Monday, April 16, 2007

Ignares

The French are in the final week of the first round of their Presidential election, and it's not pretty:

One opinion poll last year showed that only a third of the French thought that the free market economy was the best economic model.

To this, add a slow-moving bureaucracy, a labour code as thick as the Bible, and a climate of opinion that often equates the word "patron," the French for boss, with an evil oppressor.

These attitudes stem from economic illiteracy, according to some observers.

"The French have an extremely superficial knowledge of their own and the world economy," said Michel Gurfinkiel, one of a growing band of commentators whose lamenting of France's problems has marked them out as "declinologists."

"They are kept in this phenomenal ignorance by the media and the politicians," he said.

"Globalisation is what helps keep France alive.

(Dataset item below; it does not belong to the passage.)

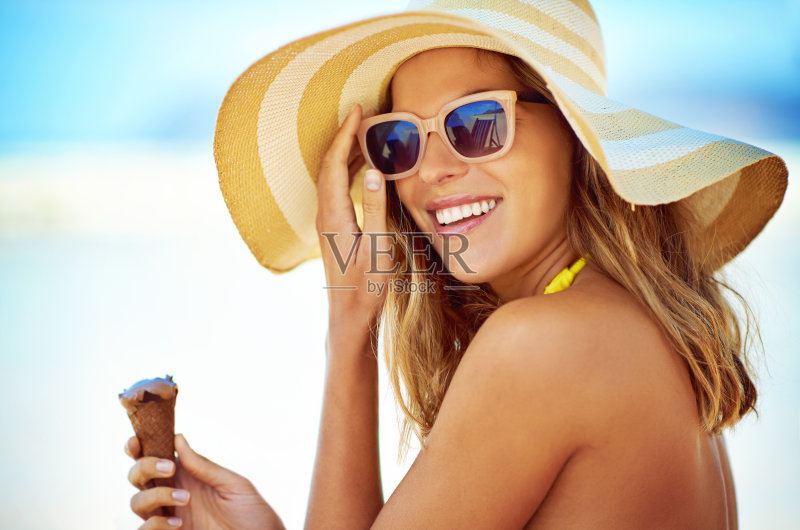 冰淇淋是夏日的完美伴侣正版图片素材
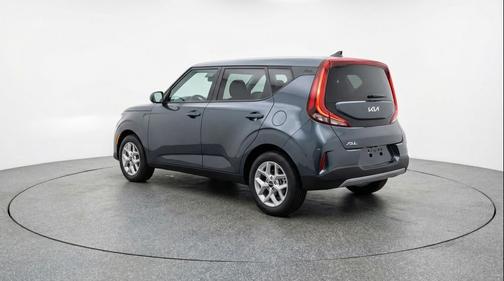 Gravity Gray 2025 Kia Soul LX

But the French don't understand this. They're free riders on US power. They take advantage of a global system largely run by the US, and France relies on US military power for stability in the world," said Gurfinkiel.

....And many economists agree that the three leading candidates have identified the right issues. Their campaigns focus on ways of boosting employment, they want to reconcile voters with business, and help small businesses grow.

But Royal has said she would renationalise the former electricity and gas monopolies, EDF and GDF, and that she wants to raise the minimum wage.

Sarkozy is seen as the most economically liberal, but he also indulges in crowd-pleasing rhetoric, saying recently he saw free trade as "a policy of naivety."